# Hafenmeister Yachthafen Lippe - der geht gar nicht !!!!!



## tobiiger (19. Oktober 2008)

So,
das muß ich jetzt mal loswerden!!!
Vorab,ich will hier niemanden schlecht machen,aber was wir letztes Wochenende erlebt haben,daß habe ich zuvor noch nie erlebt.
Wir wollten wie gesagt letztes Wochenende mit unserem Boot im Yachthafen von Lippe trailern.Wir waren um kurz nach 8 Uhr da,leider noch kein Hafenmeister (ab jetzt nur noch *ER* genannt)zu sehen.Es kam dann ein weiterer Angler,der einen Schlüssel für die Slippe hat.*Er* sagte uns,daß es auch schon mal bis 9.00 - 9.30 dauern könne bis der Hafenmeister auftaucht.Wir fragten Ihn dann,ob er uns trailern läßt und wir bezahlen dann beim raustrailern (so wie wir es schon etliche male zuvor bei diversen Anlagen gemacht haben).Würde er gerne machen,aber würde ER es mitkriegen würde  *ER* Ihm seinen Schlüssel abnehmen (???!!!!).Dann meinte der andere Angler noch das *ER* bit äußerster Vorrsicht zu genießen sei,ein richtiges........
Ok,was jetzt?Bis 9.30 Uhr wollten wir nicht warten.Dann kam ne nette Dame die die Toiletten aufgeschlossen hatte.Wir fragten nach der tele.

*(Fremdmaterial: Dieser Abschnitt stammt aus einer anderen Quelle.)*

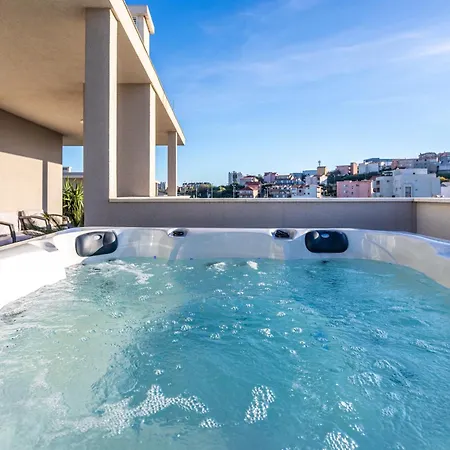 Luxury Modern Penthouse W Jacuzzi & Huge Terrace *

Nummer von *ER*.Darauf sagte sie,*ER *würde Ihr den Kopf abreißßen wenn sie die Nummer rausrücke(|kopfkrat).Aber *ER* wohnt nur drei Häuser weiter.Ok,wir dann da hin,geklingelt und kurz für die Störung entschuldigt.Eigentlich wollten wir auch nur kurz bescheid geben,daß wir mit dem anderen Angler trailern wollen und später bezahlen oder auch gleich.Doch so weit sind wir gar nicht gekommen!!!!!! *ER* fing sofort an uns anzupöbeln,sogar zu beleidigen.Wir hätten hier nichts zu suchen und sk,kann ich ja verstehen wenn *ER* seine Privatraum haben will.Aber dann fauchte *ER* uns noch an,wir könnten jetzt wieder nach Hause Fahren,*ER* Würde uns heute nicht mehr trailern lassen.Auf die frage mit dem warum gabs nur noch einige drebe Wörten an unseren Kopf und *ER* knallte uns die Tür vor der Nase zu.....
Hab noch nie einen so unfreundlichen und dazu äußerst arroganten Menschen getroffen wie diesen!!!!Und ich verzichte hier schon auf die Wörter die eigentlich besser zu dieser Person passen!!!!!!|gr:|gr:|gr:
Wir dann wieder zurück zum Hafen,der andere Angler konnte auch nur noch mit dem Kopf schütteln....
Tja,eines steht danachfest,im Yachthafen von Lippe sieht uns kein Mensch mehr.Und sollte mal jemand von Euch dort trailern wollen,dann geht schön vorsichtig an diese Person ran.......
Sind danach übrigens nach Großenbrode gefahren und was soll ichsagen,keiner da,kurz an der ausgeschriebenen Nummer angerufen,geht alles klar wurde uns gesagt,bezahlen dann beim raustrailern im Bistro....Noch Fragen??????


----------



## Nordlicht (19. Oktober 2008)

*AW: Hafenmeister Yachthafen Lippe - der geht gar nicht !!!!!*

Macht euch doch mal schlau wem der Yachthafen Lippe untersteht und ob *ER* dort nur angestellt ist.
Sollte dies der Fall sein würde ich mal den Zuständigen Vorgesetzten informieren was *ER* für ein :v brocken ist


----------



## Gizi (19. Oktober 2008)

*AW: Hafenmeister Yachthafen Lippe - der geht gar nicht !!!!!*

Moin, ich würde das auch so machen wie Nordlicht beschrieben hat. Kann ja nicht sein das solch Leute auf die Menschheit los gelassen werden.


----------



## duck_68 (19. Oktober 2008)

*AW: Hafenmeister Yachthafen Lippe - der geht gar nicht !!!!!*

Ich habe mal kurz gegooglet und dabei sogar seine Tel & Handynr. gefunden

Hier zu finden:



> Hafeneinfahrt von der Ansteuerungstonne aus unter 281 Grad. Die Rinne wird in Frühjahr auf 3 Meter Tiefe ausgebaggert, in Jahresverlauf nimmt die Tiefe ab, doch sind während der ganzen Saison1,60 m Tiefe zugesagt, im Hafen selbst 2,50 m. Aktuelle Daten können beim Hafenmeister Manfred Lau (04381 418965, Handy 0171 411 5501) erfragt werden.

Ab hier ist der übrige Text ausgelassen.